-------- Data in this exercise

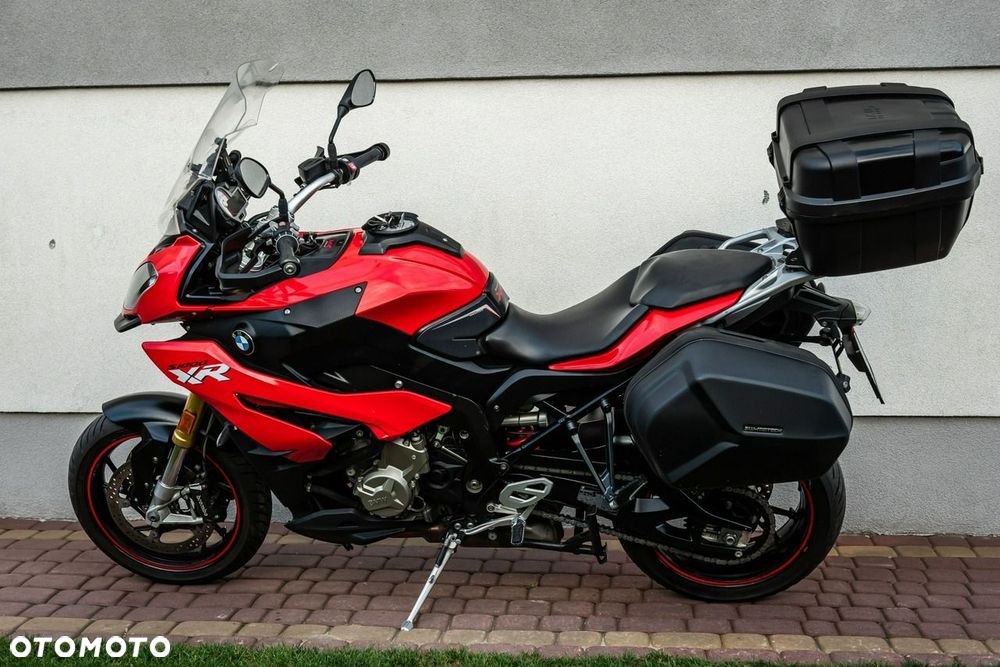 BMW S - 5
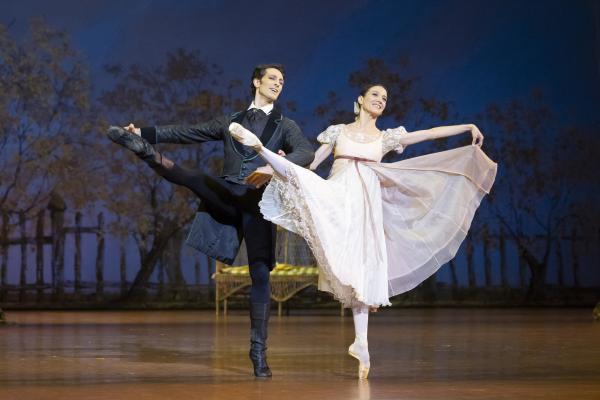 Tatiana (Ludmila Pagliero) et Onéguine (Mathieu Ganio)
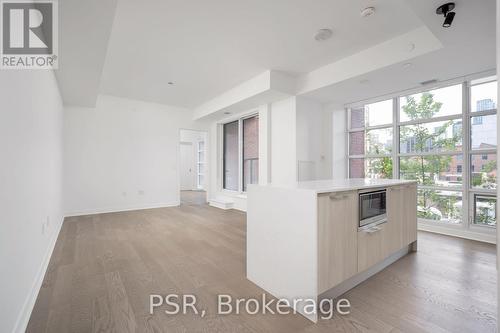 401 - 501 ADELAIDE STREET W , Toronto, Ontario M5V 0R3 2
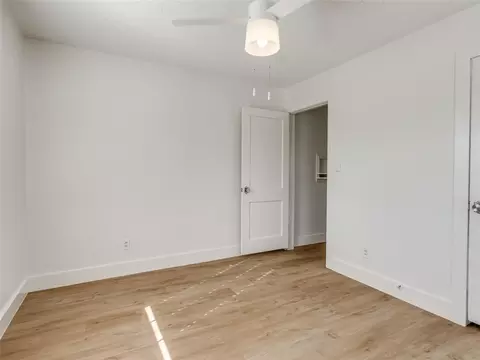 Bedroom - 415 E Frank St, Norman, OK 73071 photo 6 of 8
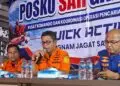 MENYAMPAIKAN KETERANGAN : Kepala Basarnas Banten Al Amrad, menyampaikan keterangan usai tim SAR gabungan melakukan pencarian dihari ke sembilan. (ISTIMEWA)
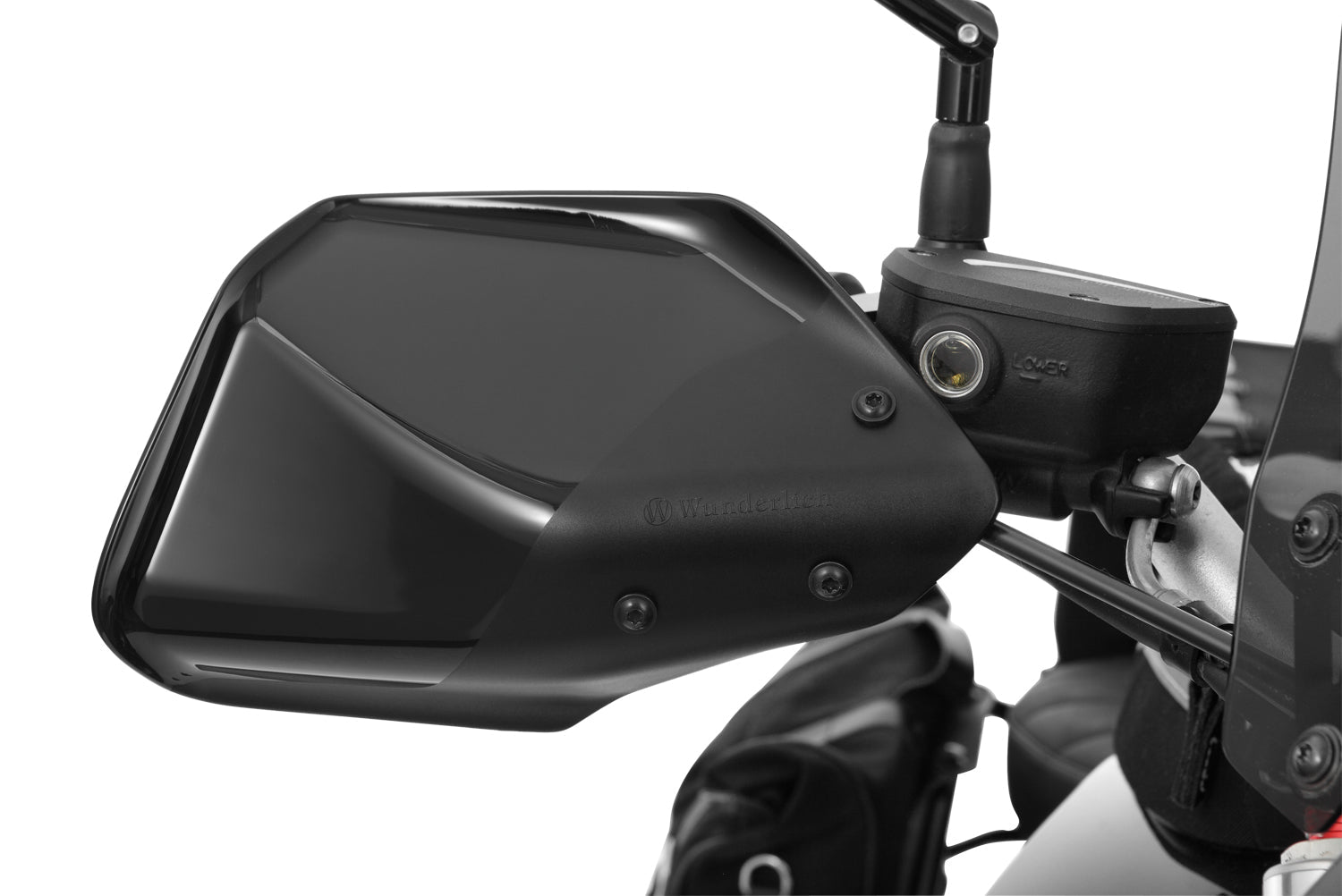 Hand guards BMW Scooter C 400 GT, C 400 X For a long time, the use of Hand guards was reserved exclusively for off-road machines.
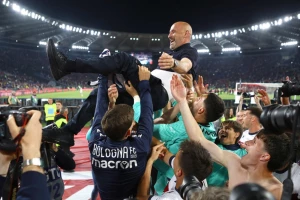 Vinćenco Italijano - Čovek koji je sinoć "skinuo dva prokletstva"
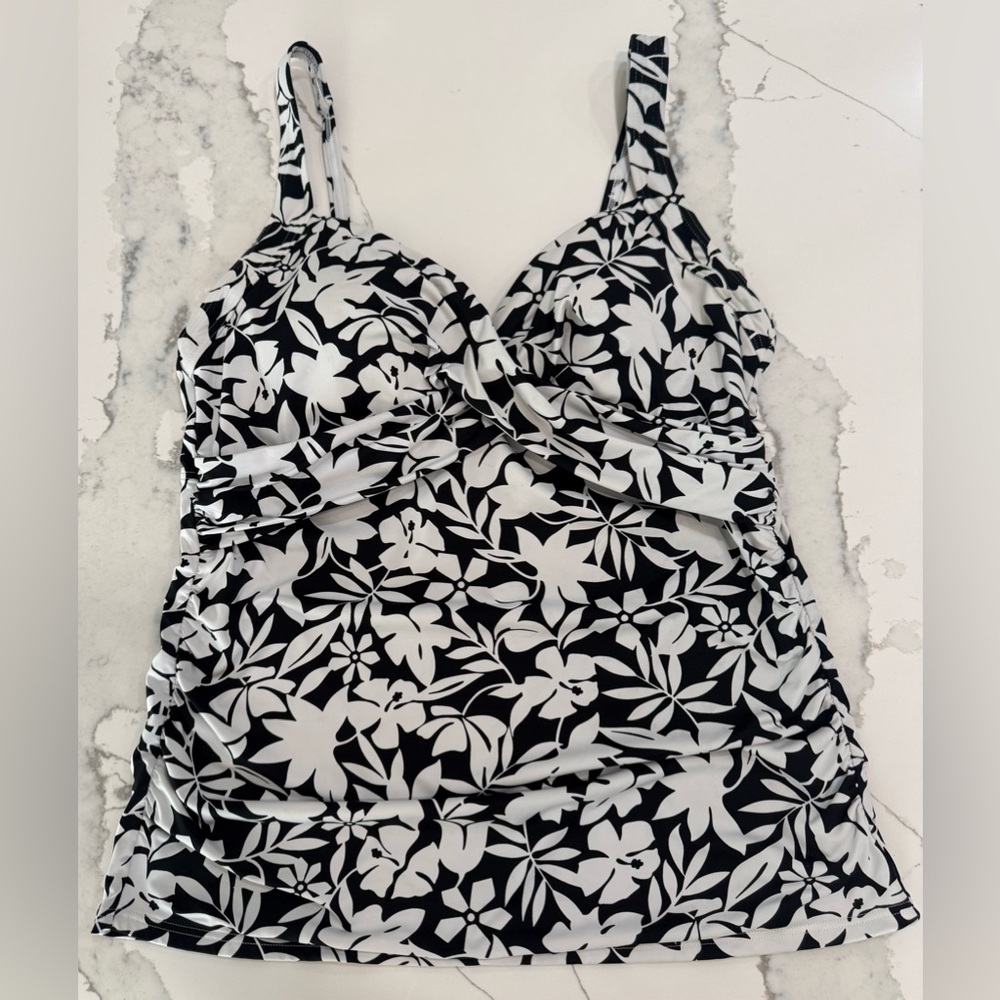 Lands' End-Women’s Size 12 Swimsuit Tankini Top  Black/White Floral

----------------

- **Problem description**:
Copy out the entries exactly as they stand, omitting the images.

- **Written response**:
 BMW S - 5
 Tatiana (Ludmila Pagliero) et Onéguine (Mathieu Ganio)
 401 - 501 ADELAIDE STREET W , Toronto, Ontario M5V 0R3 2
 Bedroom - 415 E Frank St, Norman, OK 73071 photo 6 of 8
 MENYAMPAIKAN KETERANGAN : Kepala Basarnas Banten Al Amrad, menyampaikan keterangan usai tim SAR gabungan melakukan pencarian dihari ke sembilan. (ISTIMEWA)
 Hand guards BMW Scooter C 400 GT, C 400 X For a long time, the use of Hand guards was reserved exclusively for off-road machines.
 Vinćenco Italijano - Čovek koji je sinoć "skinuo dva prokletstva"
 Lands' End-Women’s Size 12 Swimsuit Tankini Top  Black/White Floral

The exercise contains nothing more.